Although TSA has focused much effort and funding on ensuring that bombs and other threat items are not carried onto planes by passengers or in their luggage, vulnerabilities exist in securing the cargo carried aboard commercial passenger and all-cargo aircraft. The Aviation and Transportation Security Act requires that all cargo carried aboard commercial passenger aircraft be screened and that TSA have a system in place as soon as practicable to screen, inspect, or otherwise ensure the security of cargo on all-cargo aircraft. The "known shipper" program-which allows shippers that have established business histories with air carriers or freight forwarders to ship cargo on planes-is TSA's primary approach to ensuring air cargo security and safety and to complying with the cargo screening requirement of the act. However, we and DOT's Inspector General have identified weaknesses in the known shipper program and in TSA's procedures for approving freight forwarders.
Since September 2001, TSA has taken a number of actions to enhance cargo security, such as implementing a database of known shippers in October 2002. The database is the first phase in developing a cargo-profiling system similar to the computer-assisted passenger prescreening system. However, in December 2002, we reported that additional operational and technological measures, such as checking the identity of individuals making cargo deliveries, have the potential to improve air cargo security in the near term. We further reported that TSA lacks a comprehensive plan with long-term goals and performance targets for cargo security, time frames for completing security improvements, and risk-based criteria for prioritizing actions to achieve those goals. Accordingly, we recommended that TSA develop a comprehensive plan for air cargo security that incorporates a risk management approach, includes a list of security priorities, and sets deadlines for completing actions; TSA agreed with this recommendation.
Since September 2001, TSA has taken only a few actions related to general aviation security, leaving it far more open and potentially vulnerable than commercial aviation. General aviation includes more than 200,000 privately owned airplanes, which are located in every state at more than 19,000 airports. Over 550 of these airports also provide commercial service. General aviation's vulnerability was revealed in January 2002, when a Florida teenager (and flight student) crashed a single-engine Cessna airplane into a Tampa skyscraper. FAA has since issued a notice with voluntary guidance for flight schools that suggests such measures as using different keys to gain access to an aircraft and start the ignition, not giving students access to aircraft keys, ensuring positive identification of flight students, and reporting suspicious activities. However, because the guidance is voluntary, it is unknown how many flight schools have implemented these measures.

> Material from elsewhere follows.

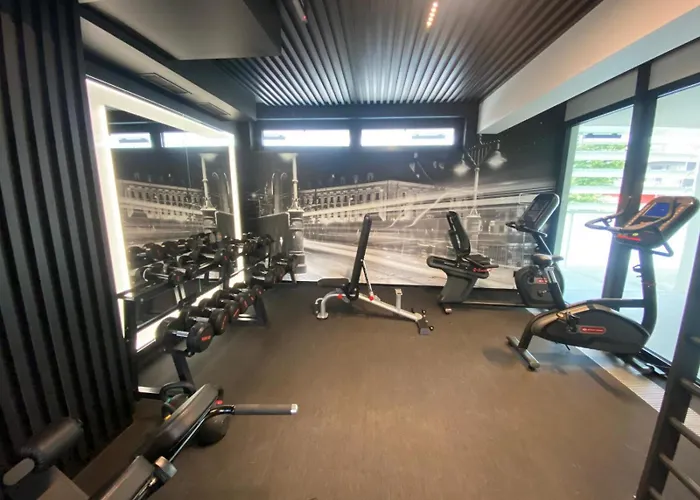 Lux Z Tarasem - Centrum - Parking Sauna Silownia Meldunki 24na7 * Wroclaw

Since September 2001, FAA has continued to strengthen the security of the nation's air traffic control computer systems and facilities in response to 39 recommendations we made between May 1998 and December 2000. However, more must be done to ensure that critical information systems are not at risk of intrusion and attack. Among its accomplishments, FAA has established an information systems security management structure under its Chief Information Officer, whose office has developed an information systems security strategy, security architecture (i.e., overall blueprint), security policies and directives, and a security awareness training campaign. This office has also managed FAA's incident response center and implemented a certification and accreditation process to ensure that vulnerabilities in current and future air traffic control systems are identified and weaknesses addressed. Nevertheless, the office faces continued challenges in increasing its intrusion detection capabilities, obtaining accreditation for systems that are already operational, and managing information systems security throughout the agency. In addition, according to senior security officials, FAA has completed assessments of the physical security of its staffed facilities, but has not yet accredited all of these air traffic control facilities as secure in compliance with agency policy. Finally, FAA has worked aggressively over the past 2 years to complete background investigations on numerous contractor employees. However, ensuring that all new contractors are assessed to determine which employees require background checks and that those checks are completed in a timely manner will be a continuing challenge for the agency.
Transit agencies face significant challenges in making their systems secure, in part because certain characteristics that make them vulnerable also make them difficult to secure. For example, the high ridership of some transit agencies makes them attractive targets for terrorists but also makes the use of certain security measures, like metal detectors, impractical. Despite such challenges, transit agencies have taken a number of steps to improve the security of their systems. In December 2002, after visiting 10 transit agencies and surveying 200, we reported that these agencies had implemented new security initiatives or increased the frequency of existing activities since September 2001. For example, many transit agencies had assessed vulnerabilities, provided additional training on emergency preparedness, revised emergency plans, and conducted multiple emergency drills. (See fig. 2.) Several agencies we visited had also implemented innovative practices to enhance safety and security, such as training police officers to drive buses and implementing an employee suggestion program to solicit ideas for improving security.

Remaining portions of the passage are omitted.